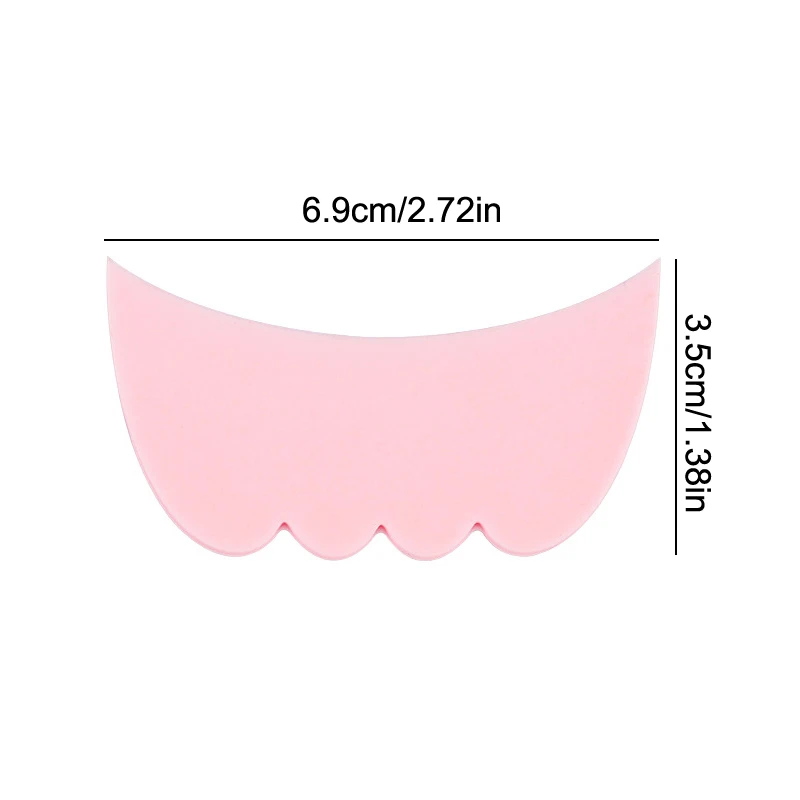 1PC Pink Silicone Eyelash Extension Pad Multi-functional Eyeliner Stencil Drawing Eyeliner Eyelash Lipstick Auxiliary MakeupTool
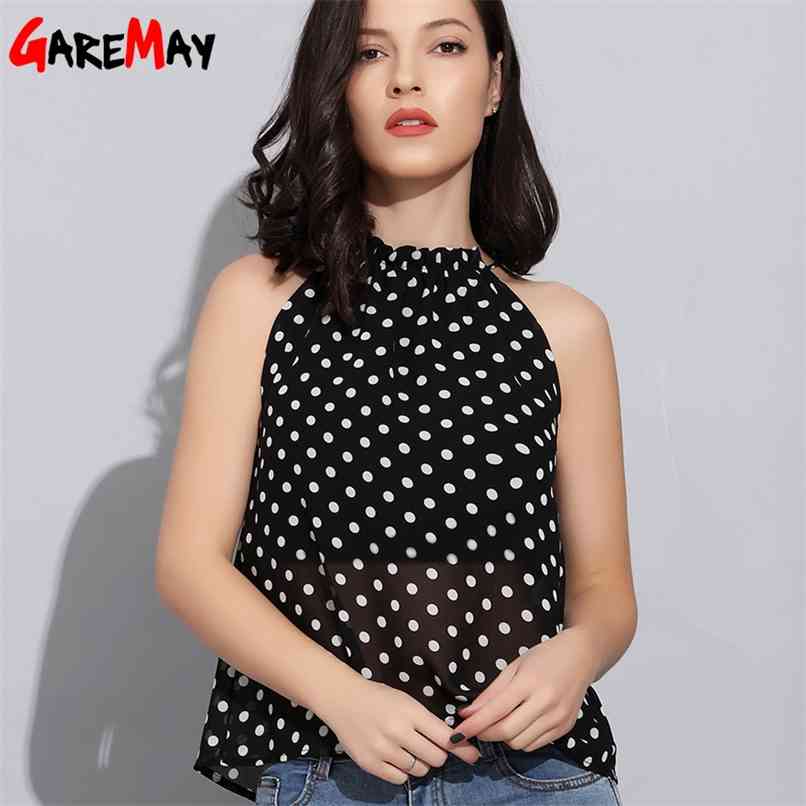 

Black and White Women Summer Polka Dot Blouse Chiffon Top Casual Female Off the Shoulder Tops For Sexy s 210607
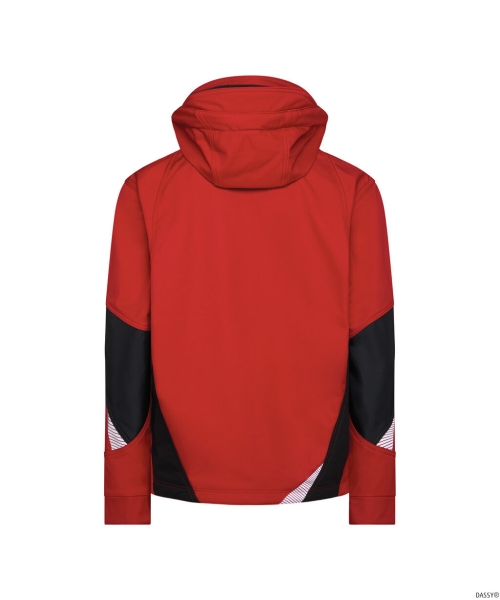 DASSY-Softshell-Jacke, GRAVITY NEXT, rot/schwarz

The problem
Print all of the material exactly. Omit pictures.

Output of the task
 1PC Pink Silicone Eyelash Extension Pad Multi-functional Eyeliner Stencil Drawing Eyeliner Eyelash Lipstick Auxiliary MakeupTool

Black and White Women Summer Polka Dot Blouse Chiffon Top Casual Female Off the Shoulder Tops For Sexy s 210607
 DASSY-Softshell-Jacke, GRAVITY NEXT, rot/schwarz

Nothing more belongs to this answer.